[Available data — start]

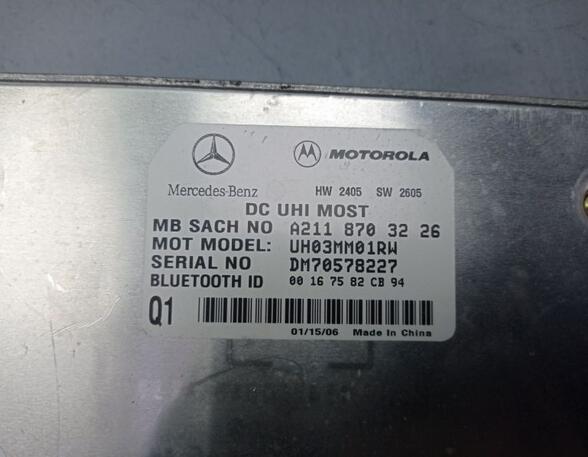 Steuergerät Bluetooth MERCEDES W164 ML 280 CDI 4MATIC 140 KW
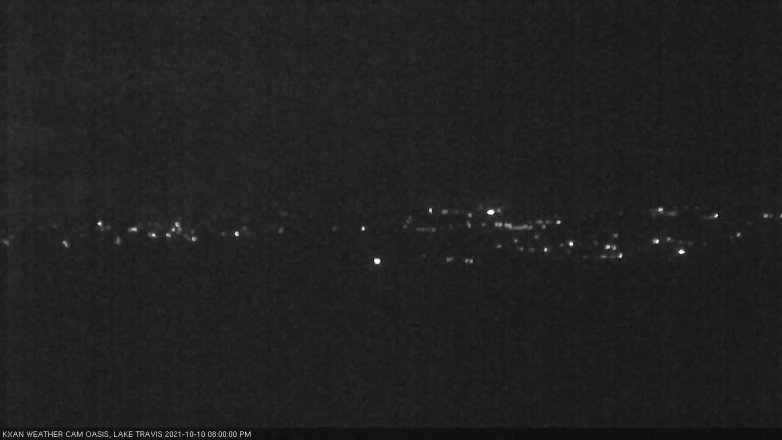 Lake Travis webcam, October 10, 2021 8:00 PM CT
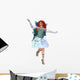 Red haired fairy Wall Decal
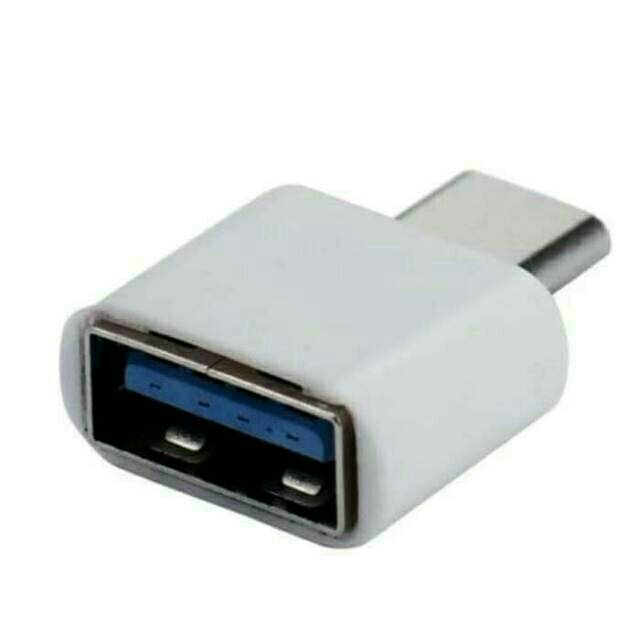 (COD) ADAPTER KONEKTOR OTG TYPE C TO USB PORT / OTG PLUG CONNECTOR RAINBOW / OTG TIPE C TO USB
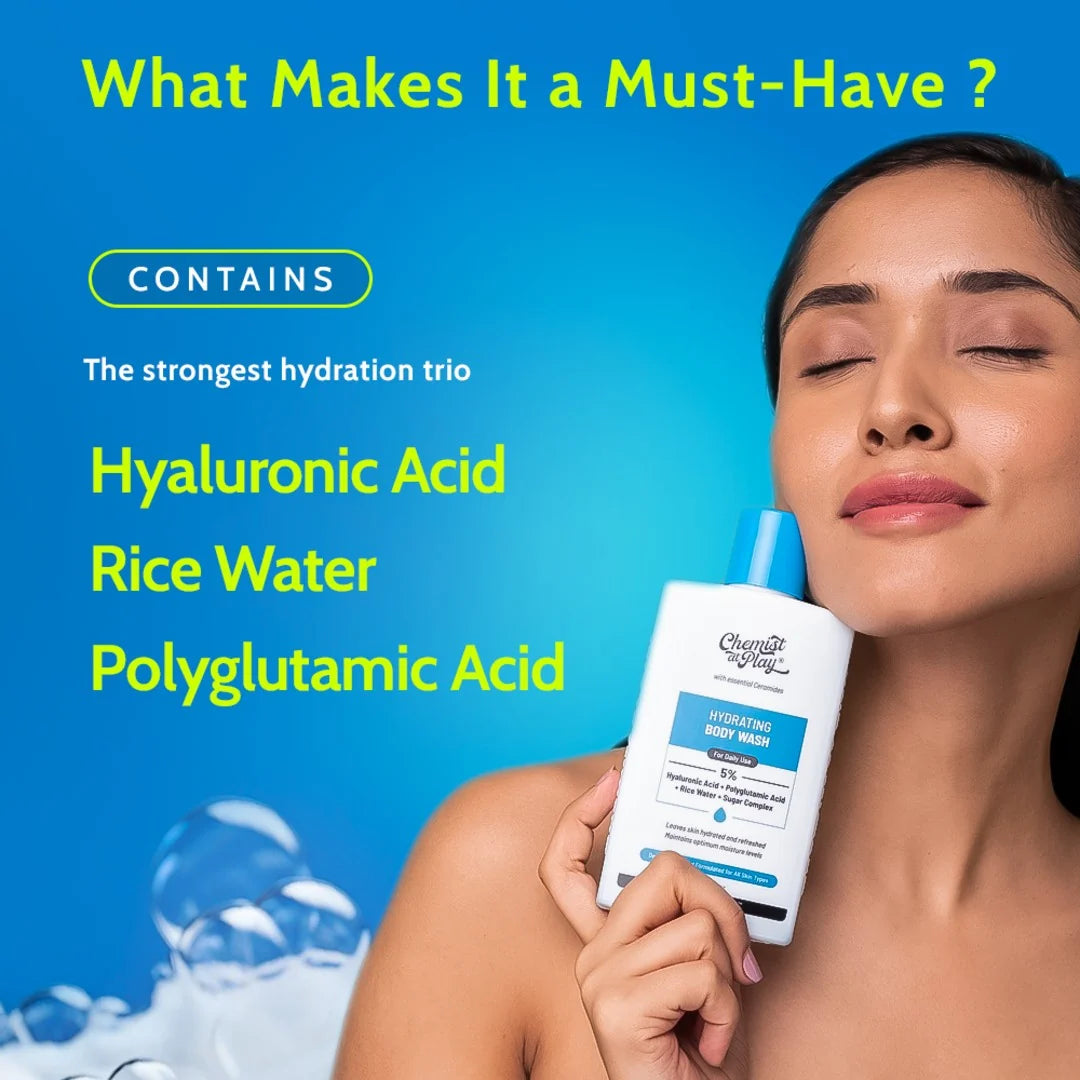 CHEMIST AT PLAY Hydrating Body Wash.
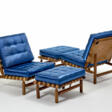 Lot consisting of a pair of armchairs joined to two footrests - Auktionspreise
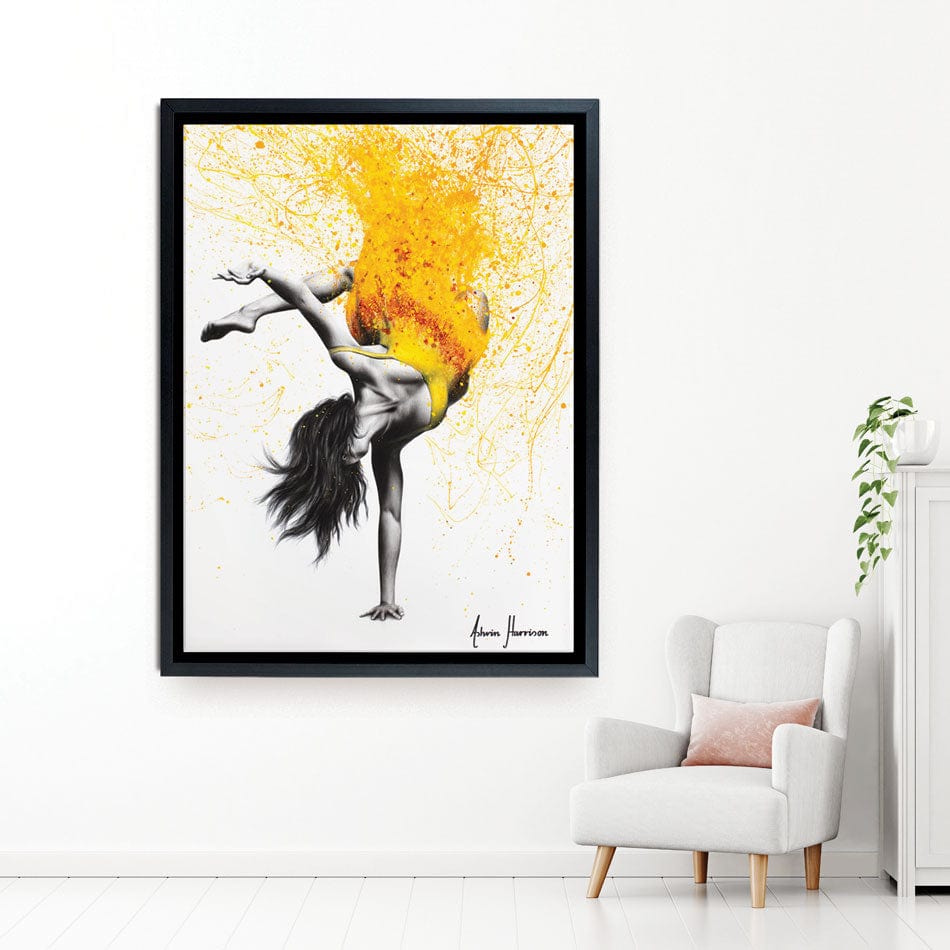Break Into Dance Canvas Print wall art product Ashvin Harrison
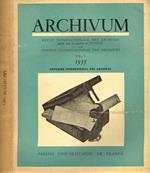 Archivum (vol. V). Annuaire international des archives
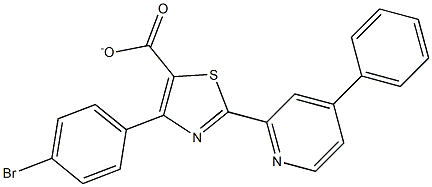 4-(4-BroMophenyl)-2-(4-phenyl-2-pyridyl)thiazole-5-carboxylate, 97% Structure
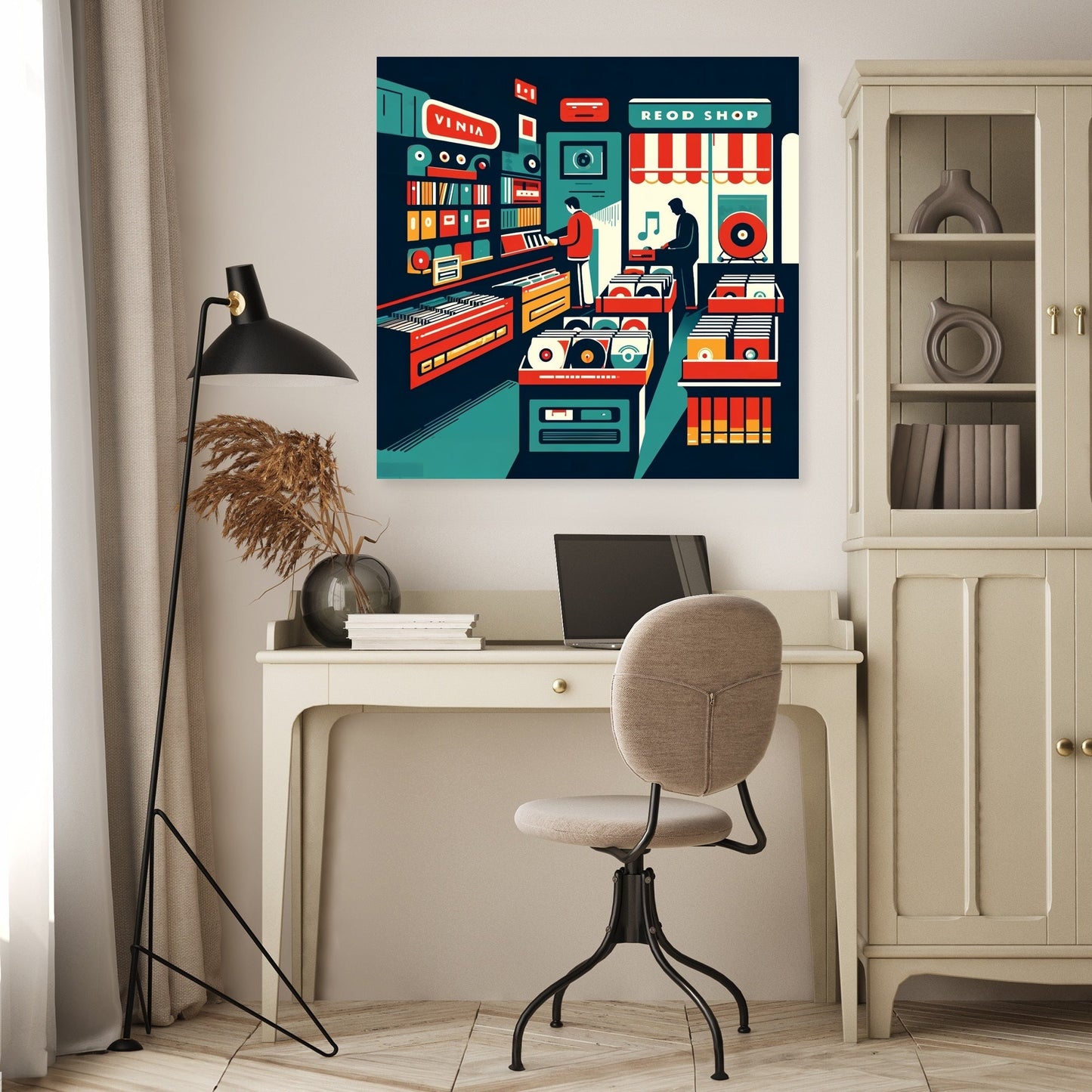 Vintage Vinyl Vibes Canvas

[Available data — finish]

Exclude all images and restate the records above word for word.

Exercise solution -
 Steuergerät Bluetooth MERCEDES W164 ML 280 CDI 4MATIC 140 KW
 Lake Travis webcam, October 10, 2021 8:00 PM CT
 Red haired fairy Wall Decal
 (COD) ADAPTER KONEKTOR OTG TYPE C TO USB PORT / OTG PLUG CONNECTOR RAINBOW / OTG TIPE C TO USB
 CHEMIST AT PLAY Hydrating Body Wash.
 Lot consisting of a pair of armchairs joined to two footrests - Auktionspreise
Break Into Dance Canvas Print wall art product Ashvin Harrison
 Archivum (vol. V). Annuaire international des archives
 4-(4-BroMophenyl)-2-(4-phenyl-2-pyridyl)thiazole-5-carboxylate, 97% Structure
 Vintage Vinyl Vibes Canvas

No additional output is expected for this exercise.